Hatırlanacağı gibi en güzel yıllarını cezaevlerinde geçiren o dönemin karşıt öğrencilerinin çoğu, sonra ki yıllarda içeride arkadaş olmuş ve aynı amaçla başkaları tarafından kullanılmış olduklarını tüm çıplaklığıyla görmüşlerdir.
Bu ülkenin aydınları ve geleceğe umutla bakan gençleri son 50-60 yılda çok hırpalanmıştır.
21.Yüzyılda bu tür öğrencilere yönelik aşırı güç kullanımlarını hoş görmek mümkün değildir.
Çağdaş ülkeler, eğitim politikalarını gençlerini sorgulayan ve neden, niçin sorularına cevap arayan bireyler olarak yetiştirecek şekilde düzenler.
Ülkemiz de ancak bu tür eğitim almış, sorgulayan kuşakların yetişmesi ile aydınlığa çıkacaktır. Bu gençlerimizi, biz büyükleri ve bu ülkeyi yönetme erkini eline bulunduranlar da anlamak zorundadır.
Oysa son birkaç aydır tam da yukarıda tarif ettiğim şekilde yetiştirilmiş, bu ülkenin en iyi eğitim almış Boğaziçi öğrencileri, kendilerince haklı oldukları bir konuda sorguluyor ve itirazlarını gösteriyorlar.
Karşılığında ise, çok şiddetli polis yaptırımlarına uğruyorlar. Şimdi şu soruları sormak gerekmez mi?
Bu çocukların,
Ellerinde silah mı var? YOK…
Ellerinde sopa mı var? YOK...
Ellerin de taş var mı? O da, YOK...
O zaman, bu çocuklarımızı tartaklamak, yerlerde sürüklemek, boğazlarını sıkmak neden?
Onlarca öğrenci, sabahın karanlık saatlerinde evlerinden karga tulumba gözaltına alınıp hâkim karşısına çıkartılıyor. Sonuçta, yargı suç unsuru bulmadığı için hepsini serbest bırakıyor.
O halde, bir kez daha sormak gerekmez mi? Bunların içinde kışkırtıcılar olsaydı, yargı onları cezalandırmaz mıydı?
Zaten bu olayları, halkın çoğunluğu da onaylamıyor. Son günlerde bu konuda yapılan bir ankette, Boğaziçi öğrencilerini haklı bularak destek verenlerin oranı % 67, polisin tavrını şiddetli bulanların oranı da % 62 çıkmıştır.
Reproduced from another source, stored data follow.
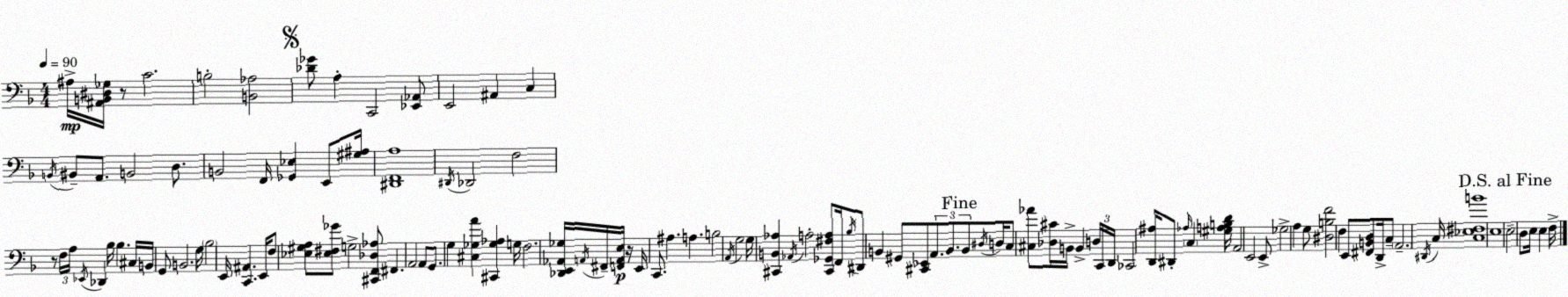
X:1
T:Untitled
M:4/4
L:1/4
K:F
^A,/4 [^A,,B,,^D,_G,]/4 z/2 C2 B,2 [B,,_A,]2 [_D_G]/2 A, C,,2 [_E,,_A,,]/2 E,,2 ^A,, C, B,,/4 ^B,,/2 A,,/2 B,,2 D,/2 B,,2 F,,/4 [_G,,_E,] E,,/2 [^G,^A,]/4 [^D,,F,,A,]4 ^D,,/4 _D,,2 F,2 z/2 F,/4 A,/4 _E,,/4 _D,, _B,/4 _B, ^C,/4 B,,/4 G,,/2 B,,2 G,/4 _B,2 E,,/4 [C,,^A,,] E,,/4 F,/2 [_E,^G,A,]/2 [_E,^F,_G]/2 G,2 [^C,,F,,_D,_A,]/2 ^F,, A,,2 A,,/2 G,,/2 G, [^C,_G,A] [^C,,_G,_A,] G,/4 F,2 [_D,,E,,_A,,_G,]/4 A,,/4 ^F,,/4 [F,,A,,E,]/4 z/4 E,,/4 C,,/2 ^A, A, B,2 A,,/4 G,2 G,/4 [^C,,B,,_A,] _A,,/4 A,2 [^C,,_G,,^F,A,]/2 F,,/4 _B,/4 ^D,,/2 B,, ^G,,/2 [^C,,_E,,]/2 A,,/2 B,,/2 B,,/2 ^D,/4 D,/4 C,/2 [^C,_A]/2 [_D,^C]/4 B,,/4 B,, D,/4 C,,/4 D,,/4 _C,,2 [D,,^A,]/4 ^D,,/2 _A,/4 C, [^G,A,B,D]/4 A,,2 E,,2 E,,/2 _G,2 A, G,/2 [^D,B,F]2 F, E,,/2 [^F,,B,,D,]/2 D,,/4 C,/2 A,,2 ^D,,/4 C,/4 [C,_E,^F,B]4 E,4 E,2 D,/2 E,/4 E, F,/4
Devletimizi temsil etme erkine sahip Sayın Siyasi Yöneticilerimiz,
Bu çocukların tepkisine bir kez olsun onların gözü ile bakamaz mısınız?
Onlar bu ülkenin geleceğidir. Haklı oldukları konuda kendi haklarını savunmalarından ötürü gurur duymalıyız.
Unutulmasın ki, haklı oldukları konularda bugüne kadar hiçbir güç, gençlerin karşısında duramamıştır.
Yakın geçmişte yaşanan Gezi Olaylarında da, toplum gençlerin yanında yer almış ve başlangıçta olayları doğru okuyup çözemeyen siyasi iradenin tavrı sertleştikçe, kışkırtıcıların da karışması ile olaylar tüm ülkeyi sarmıştı. Sonuçta olan günahsız gençlere olmuştu.
Bu kez de başarılı bir üniversitemizin geleceği, bir inatlaşma uğruna karartılmaya çalışılmaktadır. Bu, ileride izleri silinemeyecek yaralar açacaktır. Bunlar geçmişte de denenmiş ve sonuçları acı olmuştur.
Evet, Devletin gücü isterse bunları ezer geçer. Bu çocukların geleceği karartılır. Unutulmasın ki, doğacak sonuçlar kimseye kabul ettirilemez.
Bir zamanlar dünya üniversiteleri arasında adı geçen Boğaziçi Üniversitesini küçültmek ve giderek sıradanlaştırmak, bu ülkenin hiçte yararına değildir.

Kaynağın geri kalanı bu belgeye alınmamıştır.